March/April 1996 | Index

tour of our uncertain future

I'm not interested in technology and I'm sick of the hype,so why should I care?

We live in a world in which original journalism is a smaller and smaller component of a larger and larger media and communications system. When Vanity Fair named its fifty "leaders of the information age" in its annual look at "The New Establishment" last fall, only one leader -- Norman Pearlstine, editor in chief, Time Warner -- was a journalist working for a mainstream news organization.

 Journalism companies used to control the megaphone -- and therefore had a monopoly on who got heard. New technologies such as satellites, cable, fiber optics, and, of course, computers have destroyed that world forever.

 Some of what we hear about the future is hype. Two years ago everyone was busy touting the future of interactive television. Soon everyone would be ordering up movies on demand and enjoying the 500-channel universe. Then a new graphical browsing software called Mosaic suddenly made it fun to navigate the Internet. Now interactive TV trials have disappeared into technical and expense- sheet quagmires while hundreds of new "channels" are added to the World Wide Web every single day. Next up for a publicity blitz: the Internet through your cable television connection.

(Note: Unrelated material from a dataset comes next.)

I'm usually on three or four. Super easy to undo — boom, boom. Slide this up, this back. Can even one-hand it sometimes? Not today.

 The point is that while specific, short-term predictions may be wrong, it's a mistake to ignore the overall longer-term trends. "Take it as given that within five years, networked computers in the workplace and the home will compete on an equal footing with the existing news media as a routine source of news for over half the public in the industrialized world," writes Professor Russell Neuman of Tufts University, who is known for his careful scholarship. "Skeptical? OK, then make it ten years. We're not discussing the end point anymore, just the shape of the diffusion curve."

 Journalism faces a historic challenge to adapt to a new medium, whether people relate to it through a television screen, a computer monitor, or some new hybrid. All journalists -- even the most technophobic -- need to understand how digital communication systems are challenging both the business models and journalistic conventions we've inherited from other eras of technological innovation.

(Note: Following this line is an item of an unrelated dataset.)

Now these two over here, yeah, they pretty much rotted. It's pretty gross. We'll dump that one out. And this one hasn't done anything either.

 Take, for example, our first journalistic stop on this tour -- The Boston Globe, which has rethought old notions of proprietary products. Instead of just taking their newspaper online, as so many have done, the Globe people have opened a gateway -- boston.com -- to their whole region. They convinced all the major television stations and museums in the city to join them as content partners, creating in the process a new media genre. Citizens can play, too, by voicing an opinion, or using the site's resources to help address community problems, or linking their home pages, or their organizations', to the main menu.

 The task facing any thoughtful journalist today, says Arthur Sulzberger, Jr., publisher of The New York Times, "is to take the brand we have today and to translate it for this new medium. Some of the parts will be shockingly familiar to all of us. Twenty and twenty-five years from now, other parts none of us can even imagine."